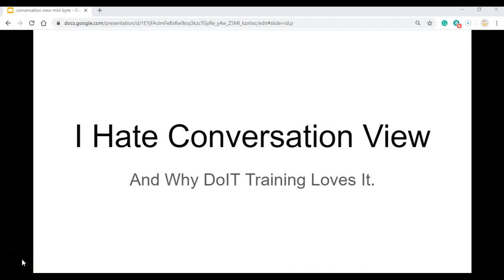This video will talk about why I love Conversation View and its uses. A lot of people don't like Conversation View and that's why I created this video.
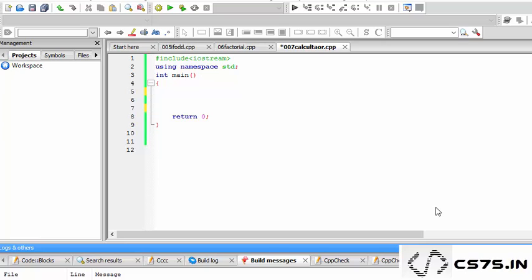Hello and welcome to this tutorial. In this tutorial I am going to use the switch case function in C++ to make a simple calculator.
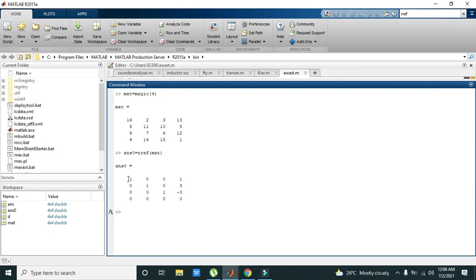this result. It is in the perfect reduced row echelon format. Now you can try this command or function inside your MATLAB simulation. Thanks for visiting our channel.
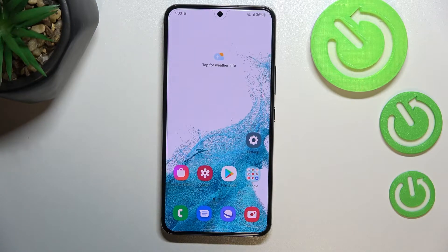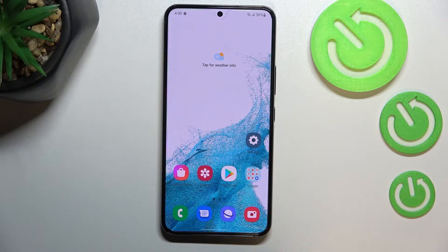Hi everyone, in front of me I've got a Samsung Galaxy S22 and let me share with you how to turn off running apps on this device.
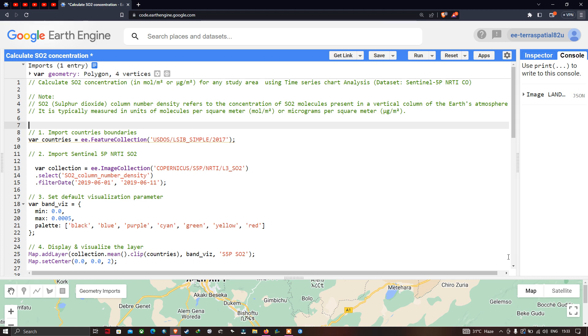Hello everyone, welcome to the channel. Today I will show you how to calculate a sulfur dioxide (SO2) concentration for any study area using time series start analysis in Google Earth Engine.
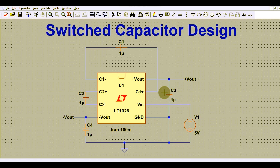The application of the switched capacitor is where the output power is very low. In that case, you can use the switched capacitor design where the load current drawn is very less — say 10, 20, or 30 milliamperes. The advantage of the switched capacitor is that it doubles your input voltage and also inverts your input voltage.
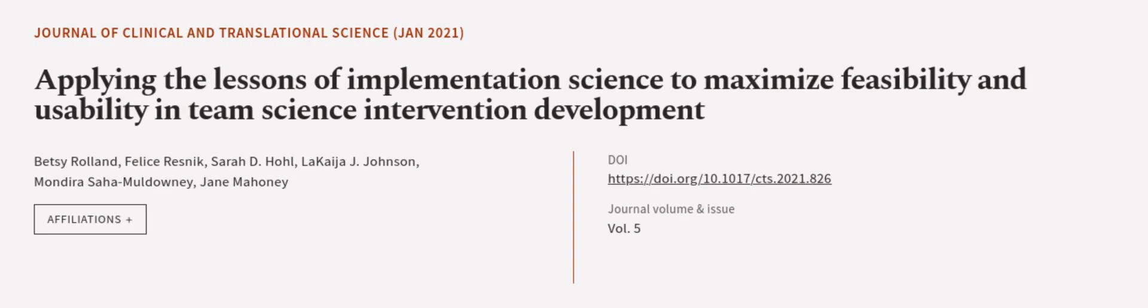This article was authored by Betsy Rowland, Felice Resnik, Sarah D. Hall, and others. Wearearticle.tv, links in the description below.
*****
◆ ABOUT THIS TASK:
Please copy exactly the lines from the one that contains "The application of" through the last line of the listing above, leaving out the pictures.

◆ SOLUTION FOR THIS TASK:
The application of the switched capacitor is where the output power is very low. In that case, you can use the switched capacitor design where the load current drawn is very less — say 10, 20, or 30 milliamperes. The advantage of the switched capacitor is that it doubles your input voltage and also inverts your input voltage.
This article was authored by Betsy Rowland, Felice Resnik, Sarah D. Hall, and others. Wearearticle.tv, links in the description below.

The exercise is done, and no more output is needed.